+++ Data excerpt

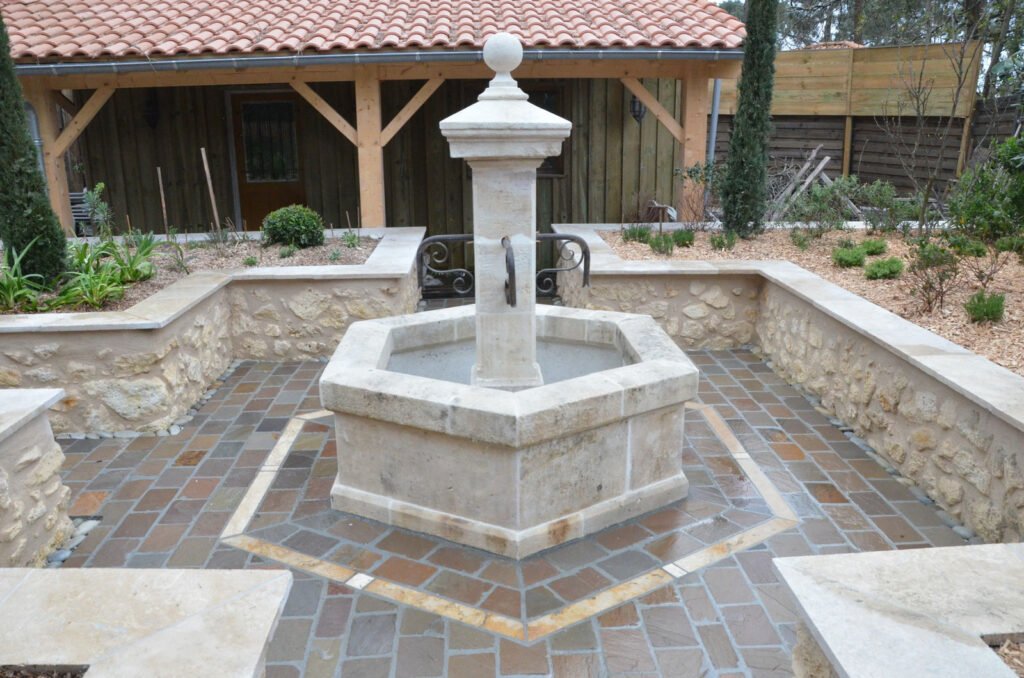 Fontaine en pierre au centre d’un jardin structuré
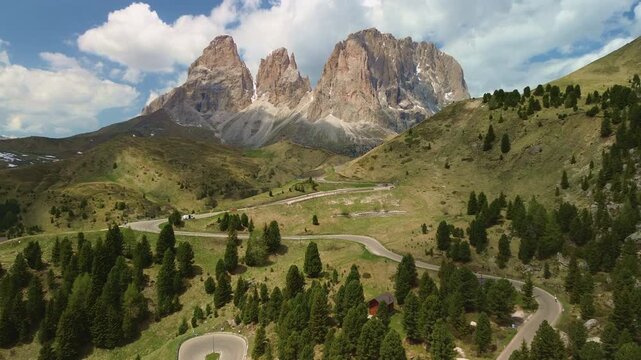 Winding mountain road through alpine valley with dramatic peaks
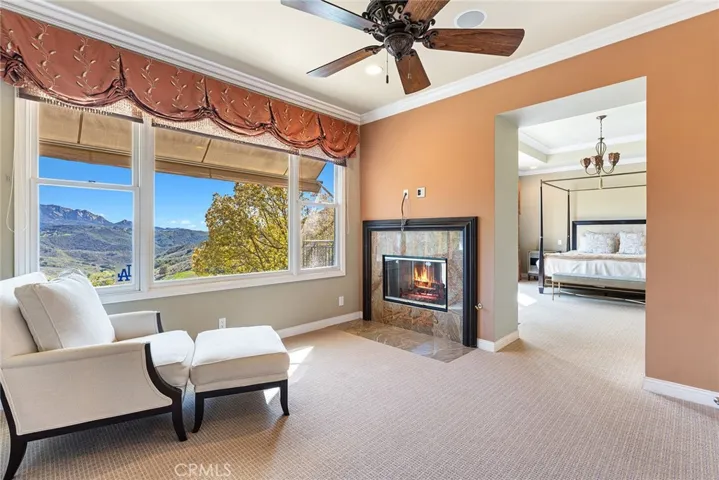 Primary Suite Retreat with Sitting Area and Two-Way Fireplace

++++++

* [Task brief]
Write out each line again, exactly as it appears above, except for any picture.

* [Result of this exercise]
 Fontaine en pierre au centre d’un jardin structuré
 Winding mountain road through alpine valley with dramatic peaks
 Primary Suite Retreat with Sitting Area and Two-Way Fireplace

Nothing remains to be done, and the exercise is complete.